◆ **Assignment**: Beginning with the line that contains "Peugeot 2008 BlueHDi", print each line to the end of the data exactly. Omit the pictures.

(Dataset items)
::::::::::
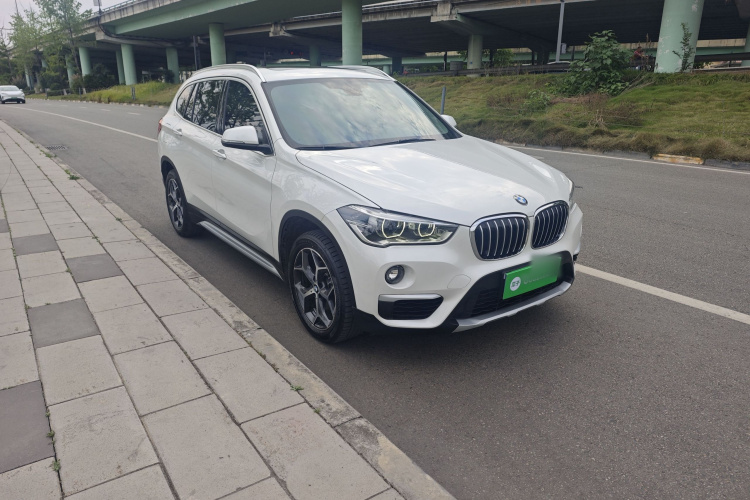BMW X1 2019 #4 BMW X1 2019 car image #4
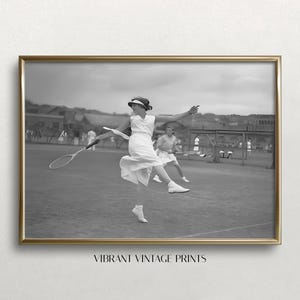 Tenisistka, sztuka czarno-biała, sztuka ścienna w stylu vintage, stare zdjęcie, sztuka sportowa kobiet, sport w stylu vintage, POBIERANIE CYFROWE, sztuka ścienna do druku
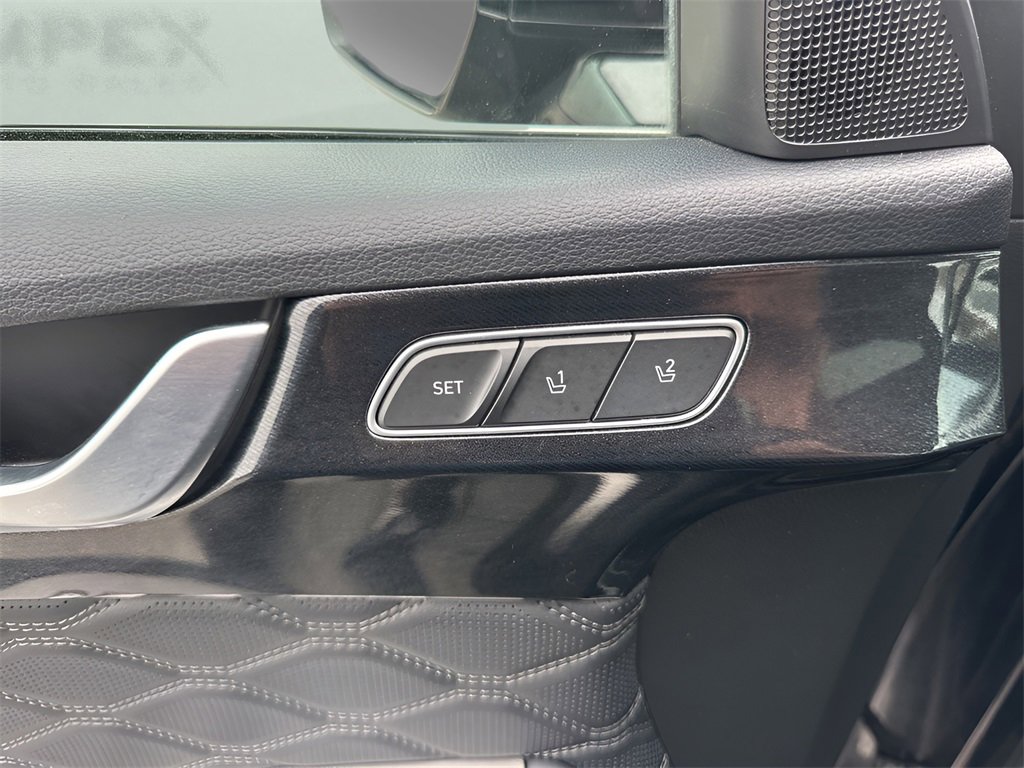 Used 2021 Hyundai Palisade Calligraphy image 11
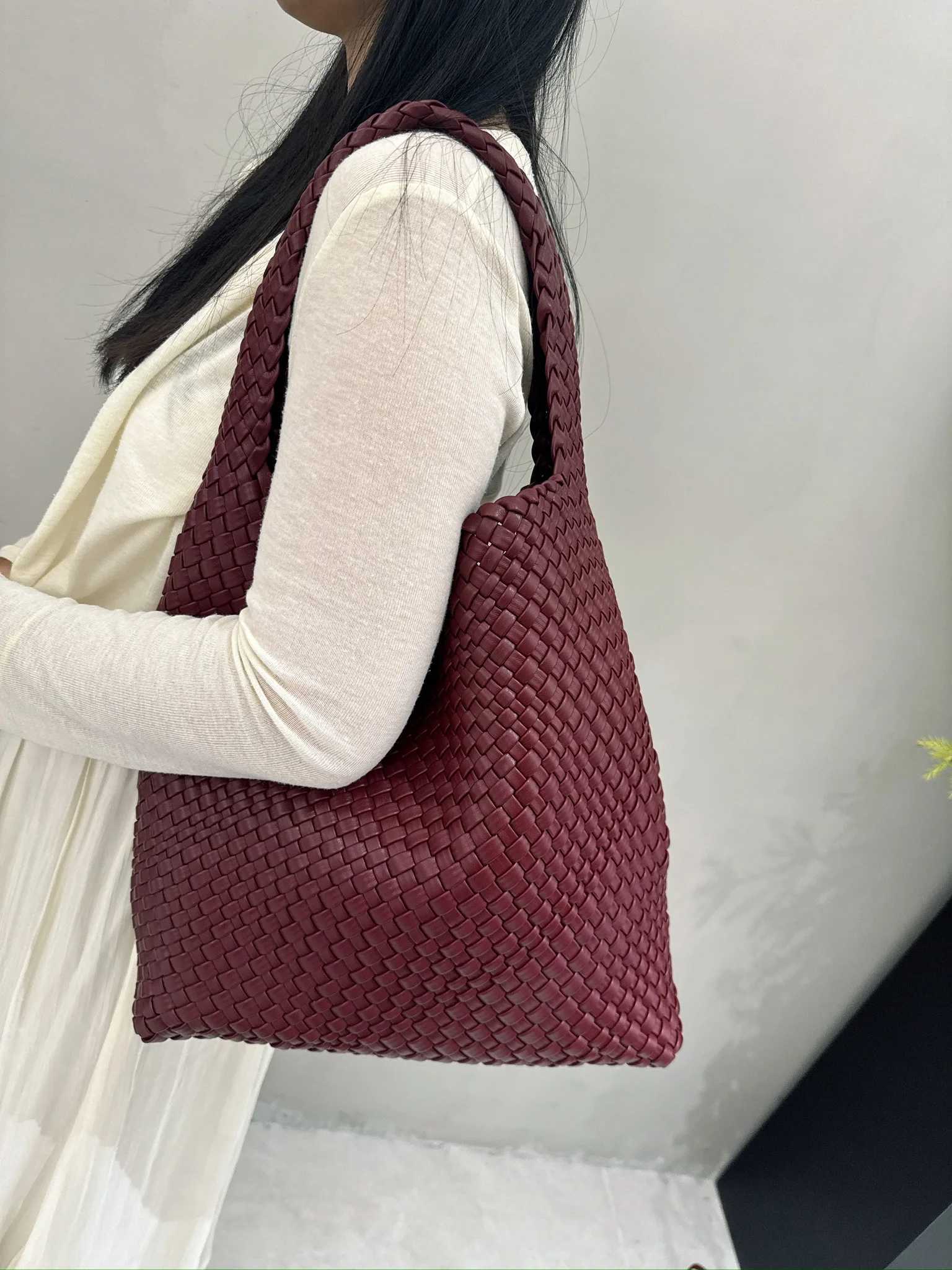 Ladies hand bag Womens fashion bags 2024 Fall and winter Explosive Models Encore red PU Hand-woven shoulder bag for women Z250303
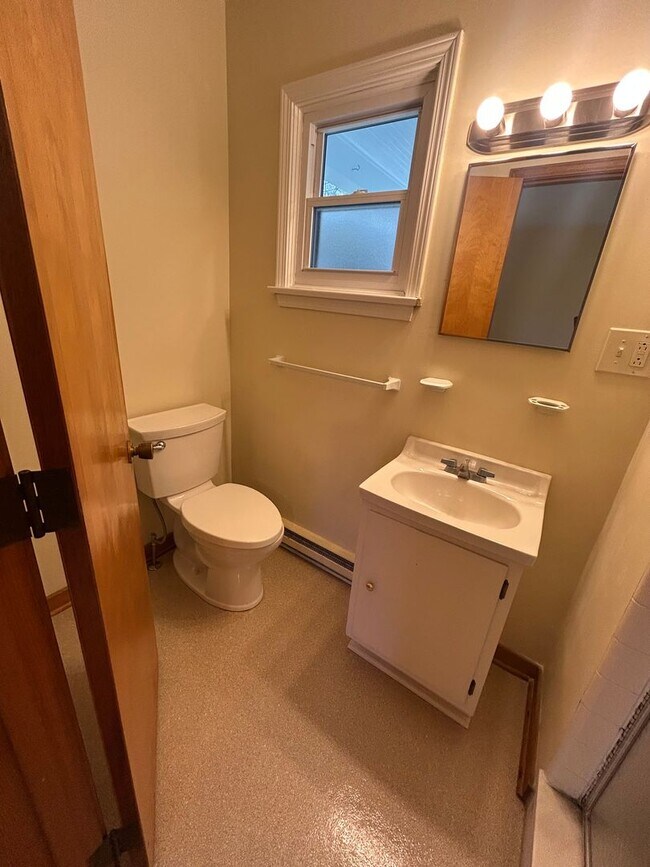 Building Photo - 3 bedroom, 3 bath house located in Park Forest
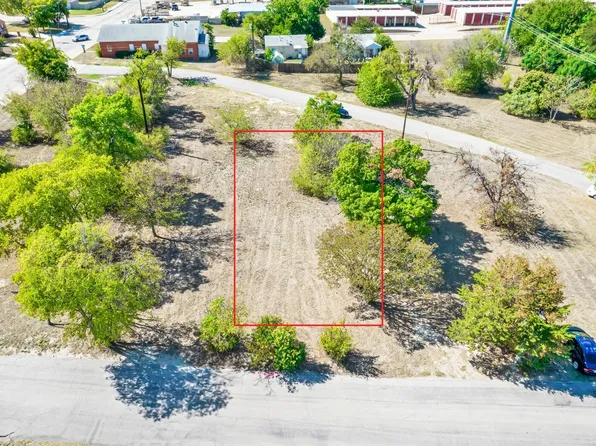 421 Hicks St, Garland, TX 75040
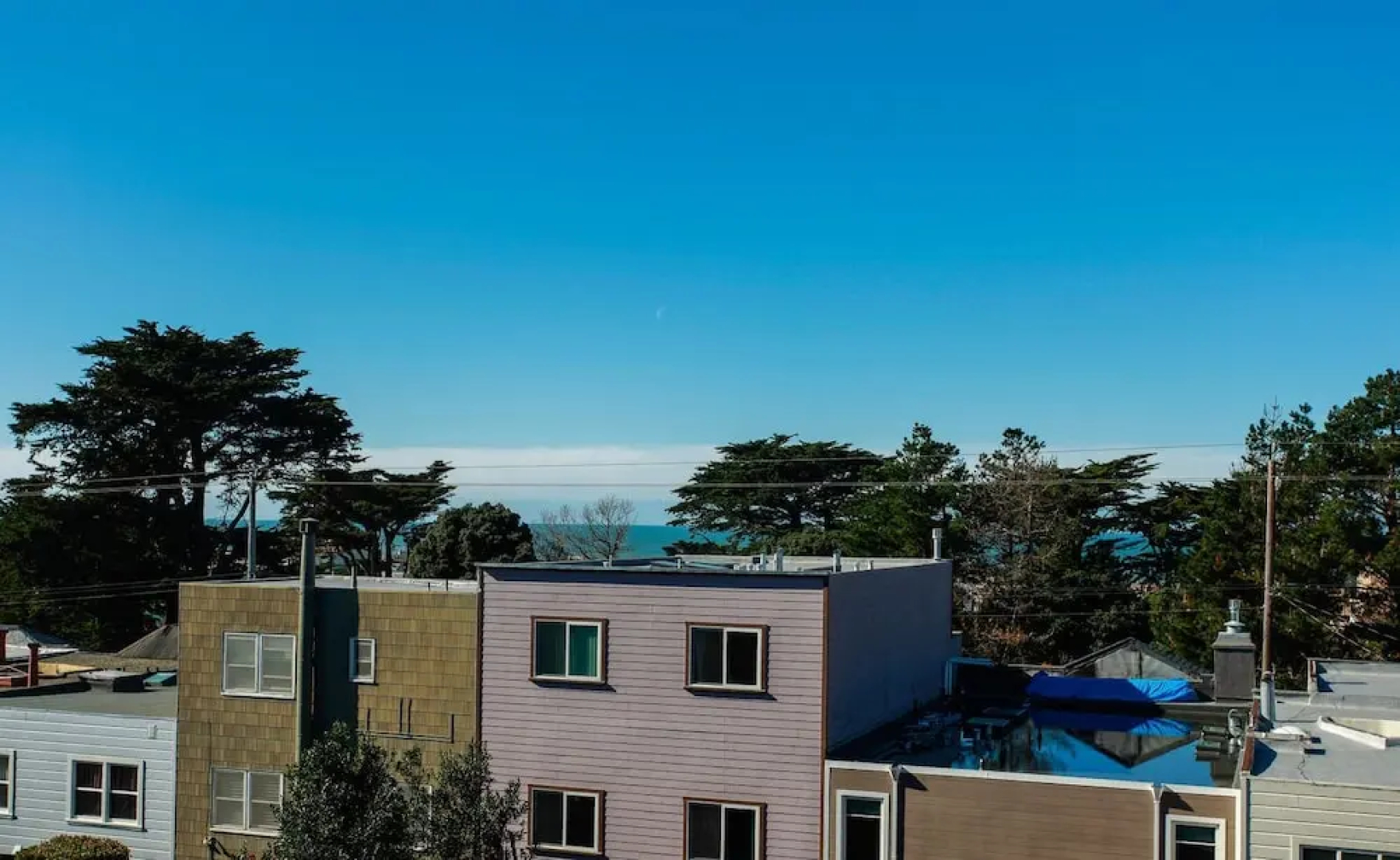Stylish 2BR Sunset House W Parking by RedAwning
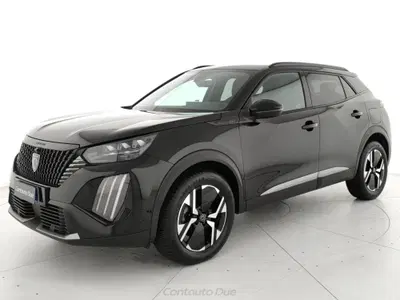 Peugeot 2008 BlueHDi 130 S&S EAT8 GT Pack del 2023 usata a Teverola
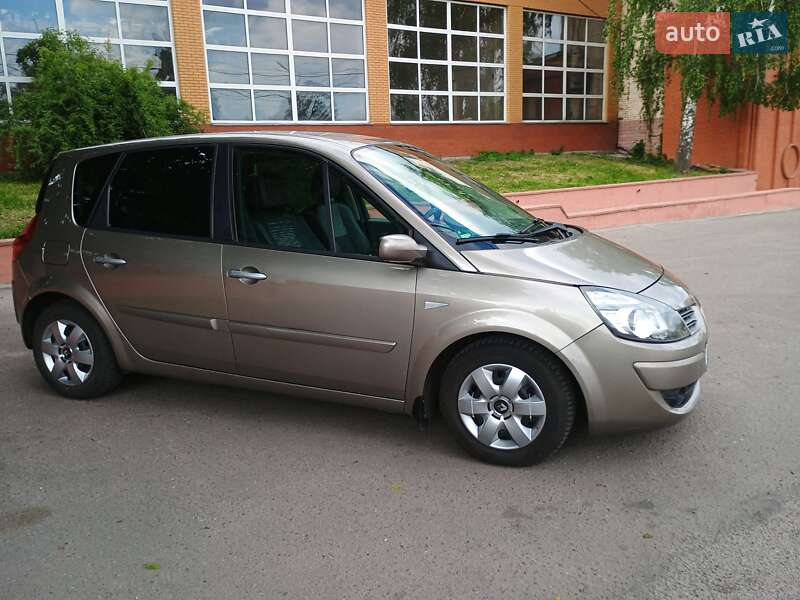 Минивэн Renault Scenic 2009 в Ромнах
::::::::::
◆ **Answer to this task**:
 Peugeot 2008 BlueHDi 130 S&S EAT8 GT Pack del 2023 usata a Teverola
 Минивэн Renault Scenic 2009 в Ромнах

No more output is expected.